--- TO DO ---
Set down only these lines, exactly: the line containing "appartamento in vendita" and all lines through the end of the data below. Omit pictures.

═══ GIVEN DATA

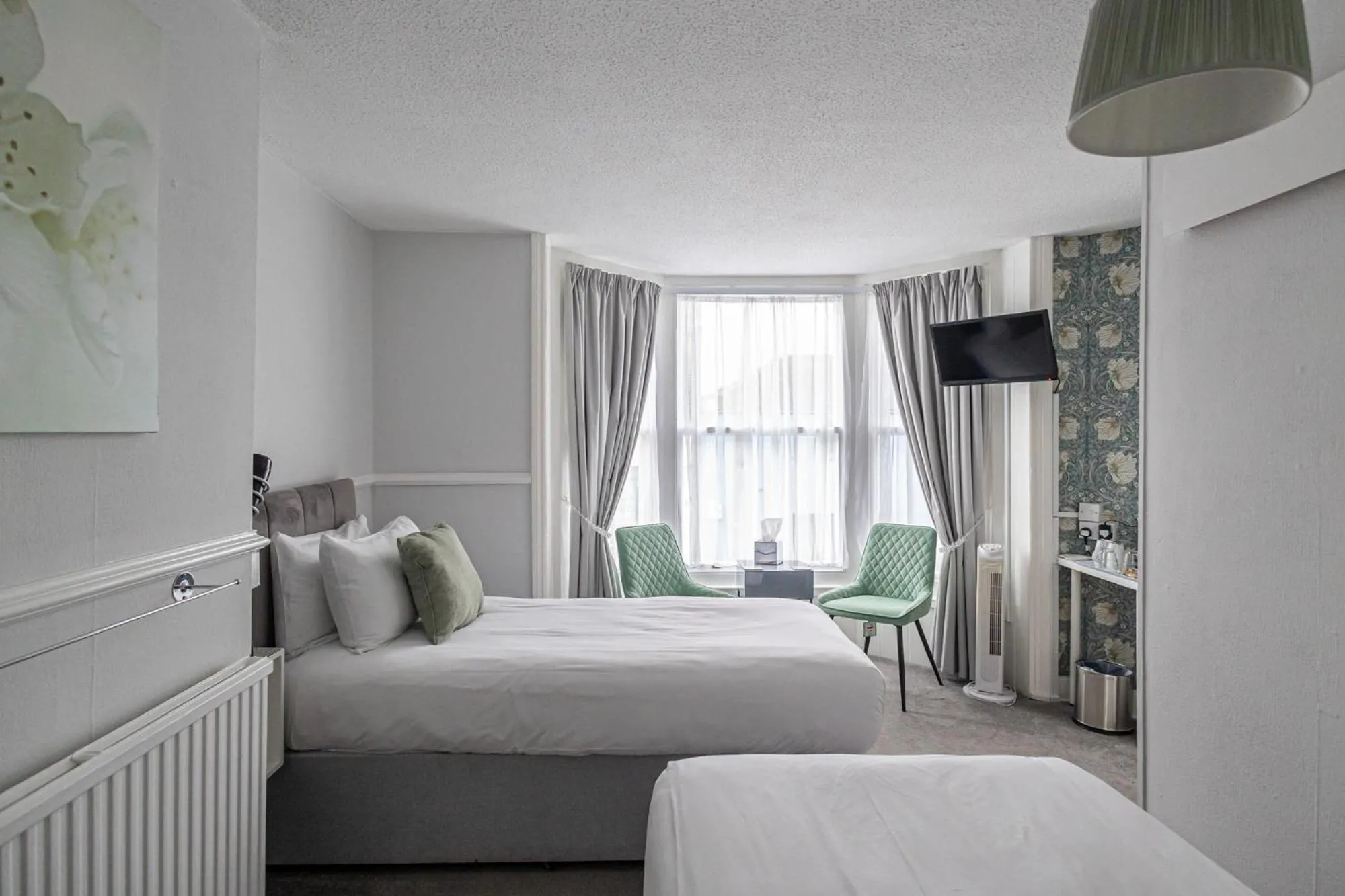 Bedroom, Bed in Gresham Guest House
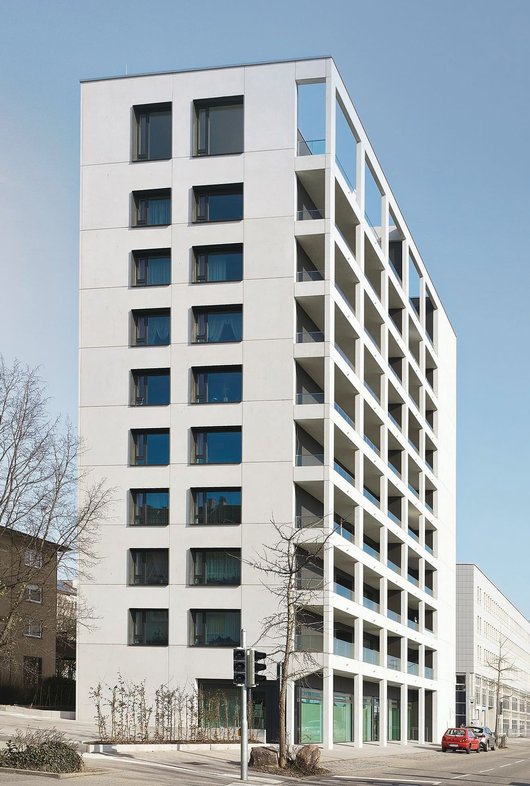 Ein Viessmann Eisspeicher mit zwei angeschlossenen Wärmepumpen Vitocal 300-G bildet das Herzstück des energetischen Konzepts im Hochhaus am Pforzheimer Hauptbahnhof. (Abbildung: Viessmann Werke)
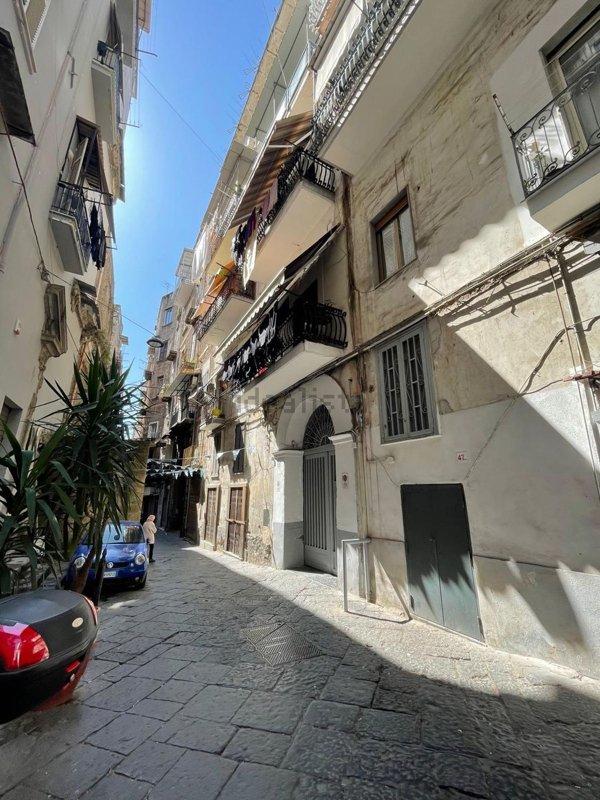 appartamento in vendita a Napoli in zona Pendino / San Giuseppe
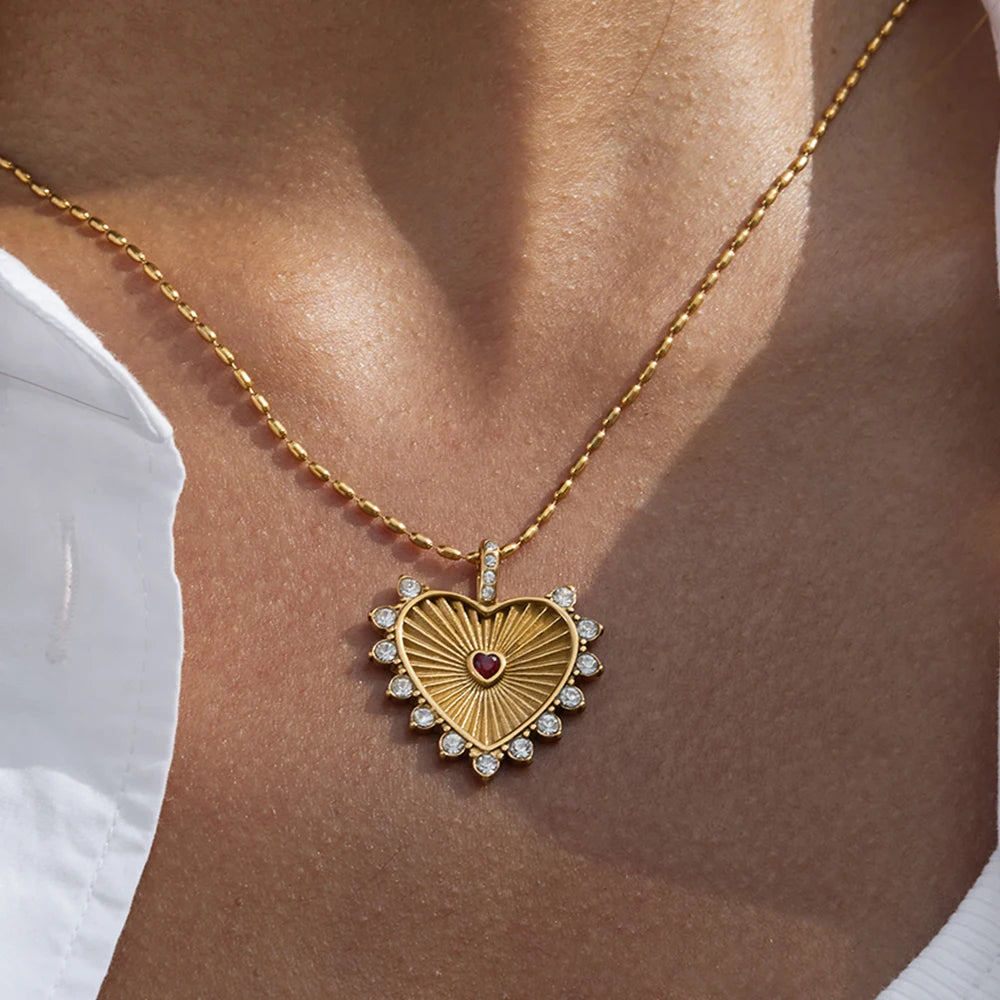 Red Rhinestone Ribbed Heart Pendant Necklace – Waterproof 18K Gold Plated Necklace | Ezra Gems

══════

--- FINISHED EXERCISE ---
 appartamento in vendita a Napoli in zona Pendino / San Giuseppe
 Red Rhinestone Ribbed Heart Pendant Necklace – Waterproof 18K Gold Plated Necklace | Ezra Gems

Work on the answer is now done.